気分を害するかもしれないが許して欲しい」

「何でしょうか?」

「……賄いを食べる様子をSNSやホームページ上に公開してるんだ」

「えっ……!?」

そんな事初めて聞いたんだけど。

じゃあ、私が夢中でハンバーガーを食べてたのも、チキンにかぶりついてたのも……

誰かに見られてたってこと?凄く恥ずかしいんだけど……


「当然顔とかは見えないように加工してるから安心してほしい」

「……それなら良かったです。でもせめて一言言ってくれたら」

「申し訳ない。自然な感じにしたくて……」

「……大丈夫です」

顔が分からない状態なら別に良いけど、事前に言ってほしかった。


「……細身川さんや旨実がいかにも美味しそうに食べる写真には、かなりの集客効果があるんだ。

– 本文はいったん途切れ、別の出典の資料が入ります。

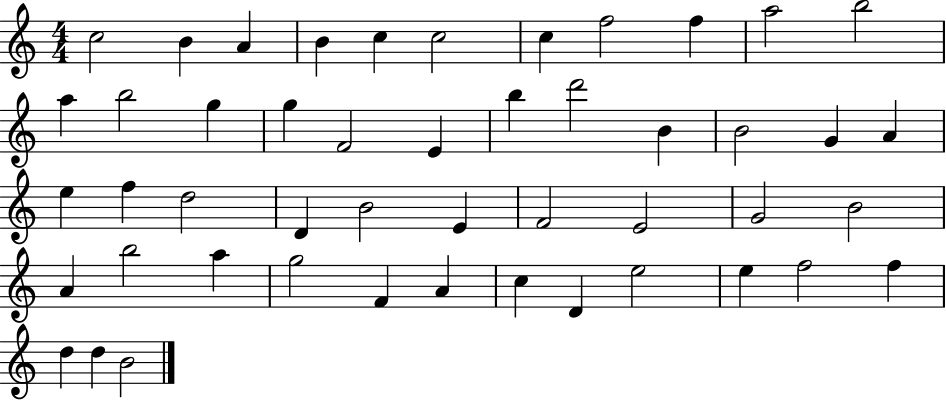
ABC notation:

X:1
T:Untitled
M:4/4
L:1/4
K:C
c2 B A B c c2 c f2 f a2 b2 a b2 g g F2 E b d'2 B B2 G A e f d2 D B2 E F2 E2 G2 B2 A b2 a g2 F A c D e2 e f2 f d d B2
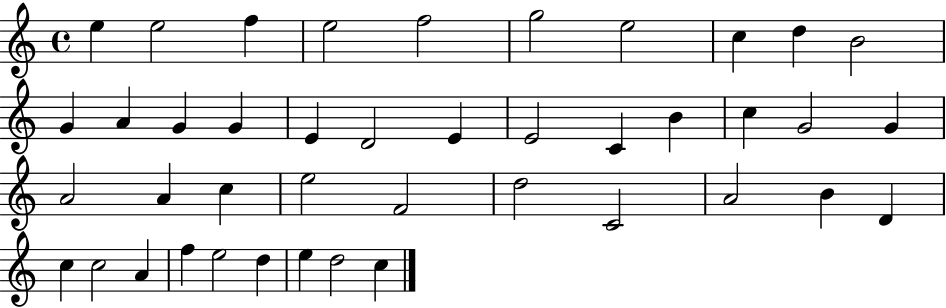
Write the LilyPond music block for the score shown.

{
  \clef treble
  \time 4/4
  \defaultTimeSignature
  \key c \major
  e''4 e''2 f''4 | e''2 f''2 | g''2 e''2 | c''4 d''4 b'2 | \break g'4 a'4 g'4 g'4 | e'4 d'2 e'4 | e'2 c'4 b'4 | c''4 g'2 g'4 | \break a'2 a'4 c''4 | e''2 f'2 | d''2 c'2 | a'2 b'4 d'4 | \break c''4 c''2 a'4 | f''4 e''2 d''4 | e''4 d''2 c''4 | \bar "|."
}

そしてあなたが太っていくのも、それだけこのお店が美味しいというアピールに繋がる。

だからいっぱい食べるのも、太るのも効果があるんだ」

「……じゃあ、私がこんなに食べて太ったのも……お店のためになってるんですか?」

「その通り。だから気にせずにこれからも美味しく食べてほしいと思っている。

むしろ他の子じゃダメだ。だってこんなにハンバーガーばっかり食べるなんて普通は無理だから」

確かに、普通の女の子なら週に3回も4回もこってりしたハンバーガーを食べるのは難しいかも。

だとすると私って普通じゃないってこと?まあそうかもね。


「……ありがとうございます。私、これからもバクバク賄い料理を食べます!」

「おお、良い笑顔だね」

悩む必要なんてなかった。

私は今まで通り頑張ってお仕事して、そしてお腹いっぱい食べたらいい。

店長さんの期待にしっかり応えないと。


「(ぐぅぅぅ)」

食欲も何だかかなり湧いてきた。

よし、今日もいっぱい食べないと!

そう思ってウルトラバーガーを一心不乱に食べまくる。


「美味しい~!」

「素晴らしい笑顔!それでこそ細身川さんだ!」


店長さんに褒めてもらえて余計に美味しく感じてきた。

今日はもっと食べれるかも!


「店長さん、もっと食べていいですか?」

「どんどん食べて!」

「ありがとうございます!」


私は文字通り喜びを噛みしめた。